Hselection SIGNA 外野手用の強み
このグラブの最大の特徴は、「軽量感」と「指先の強さ」の両立です。
- 16Nのサイズ感: ソフトボール特有の大きなボールを包み込むのに十分な大きさ。
- 平裏エンボス加工 中指・薬指の指先部分に型押し(エンボス)加工が施されており、指先の食いつきが向上。力の伝達をスムーズにします。
- ポケットの深さ: 捕球面が広く設計されており、球際のスピンをしっかり止めてくれる安心感があります。

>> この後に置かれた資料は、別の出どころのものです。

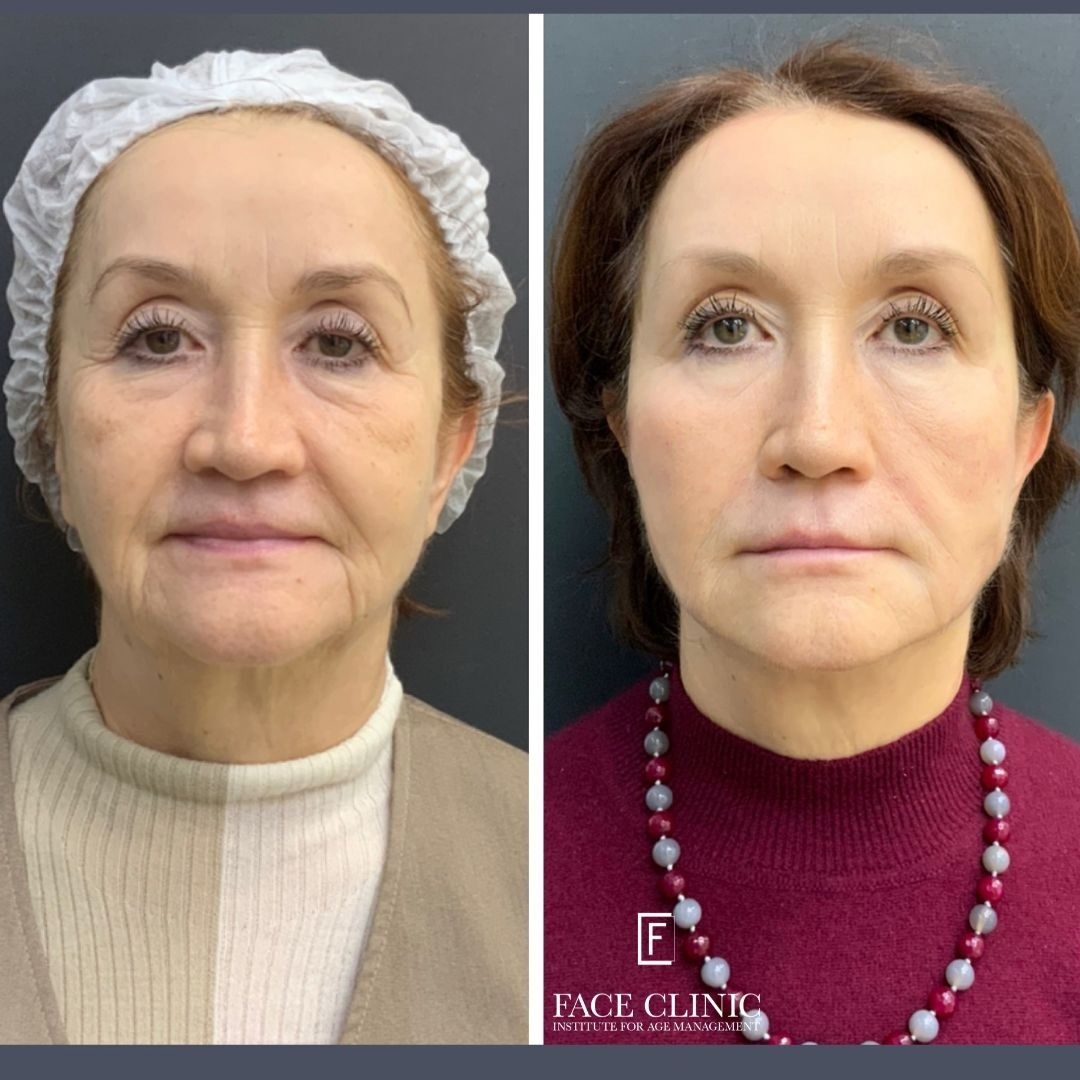 Возможно ли начать заниматься косметологией после 65 лет? | Face Clinic |  Клиника косметологии в Москве | Дзен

- ブロンドカラー: 汚れが目立ちやすいイメージもありますが、使い込むほどに「味」が出る、育てがいのあるカラーです。
今回の型付けのポイント
お客様からは**「ソフトボールをしっかり掴めるように、かつ届いたその日からある程度動く柔らかさで」**とのリクエストをいただきました。まずは、紐を解いて、全体と内部をチェックします。グリスは新しく、十分です。






1. 「深めのボックス型」を意識
ソフトボールは野球よりもボールが大きいため、親指と小指をしっかり利かせた「ボックス型」に仕上げました。土手部分をほぐし、無理な力を入れなくても自然に薬指・小指側へ閉じられるようにしています。それと「コユニ(小指と薬指を2本まとめて小指ポケットに入れる)」がしっくりきます。平裏エンボス加工(中指・薬指の指先部分に型押し(エンボス)が実はやっかいで、薬指1本でボールを掴めないほど強度が強すぎると感じます。よってこのグローブは「コユニ」は必須と言えます。
2. ポケット位置の微調整
外野手用として最も安定する「人差し指下〜中指下」に深いポケットを設定。落球を防ぐため、受球面を叩き出し、ボールが収まる「スイートスポット」を明確に作り込みました。またとにかく、受球面が正面を向くように、また親指側に倒れないように、右側にグローブの顔を向かせました。
3. 指先のシャープさを維持
柔らかくしすぎると、外野手用グラブは指先が負けてしまいます。芯の強さは残しつつ、関節部分のみを重点的に揉み解すことで、操作性と強さを両立させました。
仕上がりの状態とおすすめプレイヤー
今回の仕上がりは、**「実戦即使用可能(8〜9割程度の仕上がり)」**です。 革のしなやかさを活かしつつ、キャッチボールで数回鳴らせば、すぐに試合で活躍できる状態に整いました。最初の印象とは異なり、最後は素晴らしい形に変化しました。自らも惚れ惚れするような出来栄えです。いいグローブに生まれ変わりました。




このグラブは、
- 守備範囲の広さを武器にするスピードプレイヤー
- 握力の強さに頼らず、道具の力で確実に捕球したい方 に自信を持っておすすめします!
大切なグラブを、あなただけの「相棒」に
グラブは購入したままの状態では、まだ完成とは言えません。 自分の手の動きに合わせた「型」を入れることで、エラーを防ぐだけでなく、捕球の楽しさが何倍にも膨らみます。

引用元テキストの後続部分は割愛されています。